Having a well-working human body doesn’t automatically impart scientific knowledge about biological systems, and having a well-working human brain doesn’t inherently impart scientific knowledge about cognitive systems. Decades or centuries of scientific work might remain before we can articulate an explicit, step-by-step explanatory theory of how humans drive that is detailed enough that it could be implemented in a robot. Software engineers at Google might not be equipped to solve this problem through introspection, intuition, folk knowledge, and on-the-fly theorizing.

But machine learning provides a hope. We don’t have a complete scientific understanding of human vision, but deep supervised learning has allowed us to solve some vision problems without fully understanding either human vision or computer vision. It therefore makes sense to try machine learning on other problems where human success relies on tacit knowledge and where scientific knowledge is lacking.

Since we don’t fully understand reinforcement learning, and since we also don’t fully understand the intricacies of human path planning, we can’t say in advance whether reinforcement learning will be capable of human-level path plannning. We can only try it and hope that eventually it’s as successful as supervised learning has been for vision.

Mobileye’s work is encouraging because it is an early, limited proof of concept that reinforcement learning can do path planning well, in simulation and in the real world. With approaches to path planning that rely on large hand-coded elements, I worry that self-driving cars might never come to fruition, or might take decades to become competent drivers. With machine learned path planning systems, there is the hope of rapid progress and sudden breakthroughs that enable the technology to be commercialized at scale in the near future.

I think it’s pretty remarkable that Mobileye is using reinforcement learning so openly, with such confidence, and with such good results so far (at least the ones they’ve shared).

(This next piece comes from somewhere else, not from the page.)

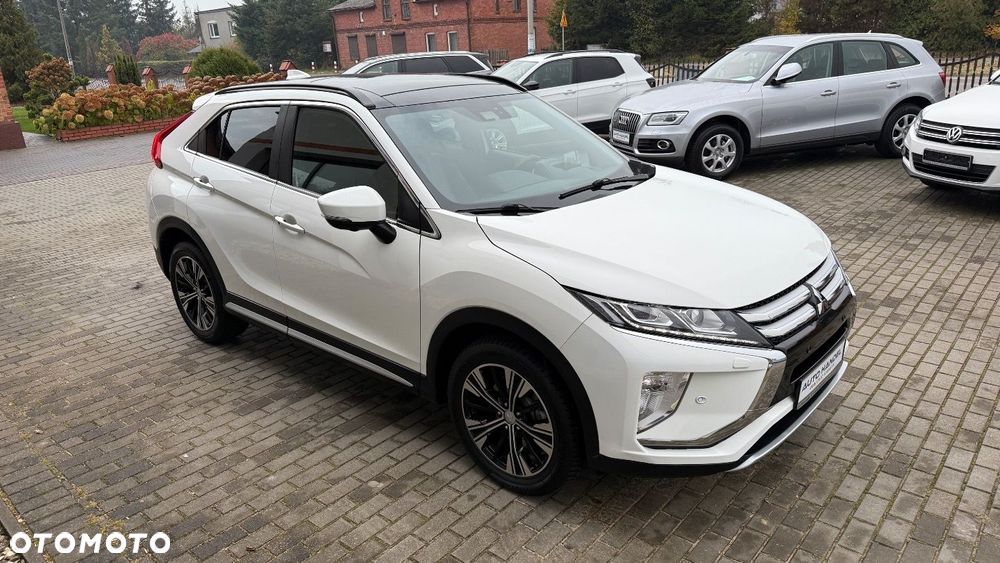 Mitsubishi Eclipse Cross - 15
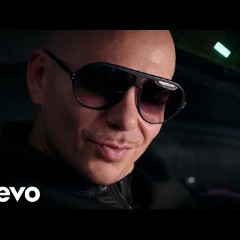 Pitbull feat. Flo Rida & LunchMoney Lewis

Mobileye believes that the driving environment is too complex for hand-crafted rule-based decision making. Instead we adopt the use of machine learning to “learn” the decision making process through exposure to data.

Mobileye’s approach to this challenge is to employ what is called reinforcement learning algorithms trained through deep networks. This requires training the vehicle system through increasingly complex simulations by rewarding good behavior and punishing bad behavior.